Bernhard Kittel
ORF
ORF
Soziales

Experte fordert dringend Verteilungsdebatte

Von Essen bis Strom: Alles wird derzeit teurer. Für immer mehr Menschen ist das ein existenzielles Problem. Der Wiener Wirtschaftssoziologe Bernhard Kittel fordert, dringend über Verteilungsgerechtigkeit zu diskutieren. Die Einmalzahlungen würden ja „verpuffen“.

Die aktuellen Einmalzahlungen vom Bund und etwa der Stadt Wien seien „eine Nothilfe, die jetzt unmittelbar reagiert“, sagte Kittel im Interview mit „Wien heute“. „Aber es wird notwendig sein, jetzt auch über Verteilungsfragen zu diskutieren“, so der Professor am Institut für Wirtschaftssoziologie der Universität Wien.

Es müsse bestimmten Bevölkerungsgruppen geholfen werden, und man werde sich überlegen müssen, wer das zahle. „Man kann wieder mal an der Einkommenssteuerschraube drehen. Man kann aber auch an anderen Steuerschrauben drehen, wie zum Beispiel ernsthaft nachzudenken über Vermögens- und Erbschaftssteuern, über Spekulationssteuern“, betonte der Wirtschaftssoziologe. Die Profiteure der Teuerung sollten auch zur Kasse gebeten werden.
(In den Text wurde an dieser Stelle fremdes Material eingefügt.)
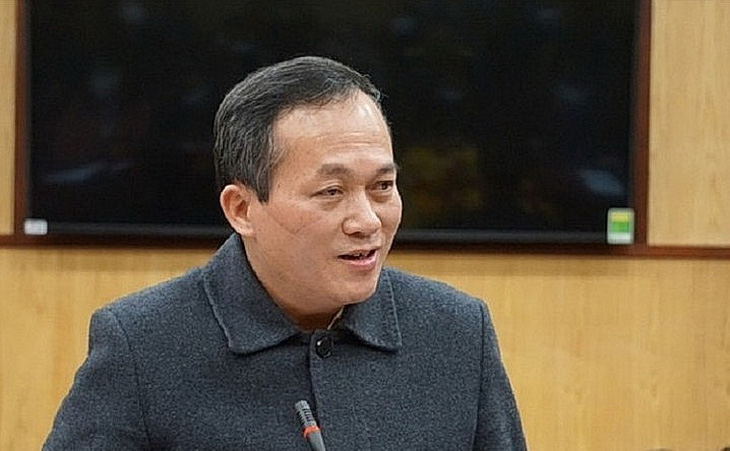Ông Trịnh Hữu Hùng , giám đốc Sở Y tế Thanh Hóa phát biểu tại một cuộc họp về phòng chống COVID-19 năm 2022 - Ảnh CTV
Teuerung: Wirtschaftssoziologe über gesellschaftliche Folgen

Wirtschaftssoziologe Bernhard Kittel von der Uni Wien spricht im Interview über mögliche Auswirkungen der Teuerung auf die Gesellschaft und ob eine Debatte um Neid und Verteilungsgerechtigkeit entstehen könnte.

Teuerung wird zunehmend auch Mittelschicht betreffen

Die Debatte um Verteilungsgerechtigkeit sei so alt wie die Gesellschaft selbst, Kittel. „Was wir vielleicht als eine neuere Entwicklung beobachten können, ist ein Prozess, den der britische Historiker Paul Kennedy ‚Vampire Capitalism‘, also Kapitalismus der Vampire, genannt hat: Eine kleine Gruppe von Superreichen saugt den Rest der Gesellschaft aus.“

Grundsätzlich werde die Teuerung beginnend mit Menschen mit geringem Einkommen zunehmend jene knapp über der Armutsgrenze betreffen. „Und dann zunehmend wird es weiter in die Mittelschicht hineinwachsen“, prognostizierte Kittel.

Experte hofft auf Sozialpartnerschaft

Auch die Gefahr von Auseinandersetzungen auf der Straße schließt der Experte nicht aus. Denn neben der Gewerkschaft würden auch Gruppen aus dem rechtsextremen Bereich Aktivitäten planen. „Es wird notwendig sein, sehr genau zu schauen, was die
verschiedenen Gruppierungen tun, um zu vermeiden, dass es hier auf der Straße zu Auseinandersetzungen kommt.“

Kittel verwies jedoch gleichzeitig auf die in Österreich gelebte Tradition der Sozialpartnerschaft, die „etwas versteckt“ noch existieren würde. Durch diese Tradition sei Österreich vergleichsweise gut durch die Teuerungswelle der 1970er Jahre gekommen. „Insofern setze ich doch eine gewisse Hoffnung in die Fähigkeit der Vertretungen von Arbeitnehmern und Arbeitgebern, hier Kompromisse zu finden“, meinte der Wirtschaftssoziologe.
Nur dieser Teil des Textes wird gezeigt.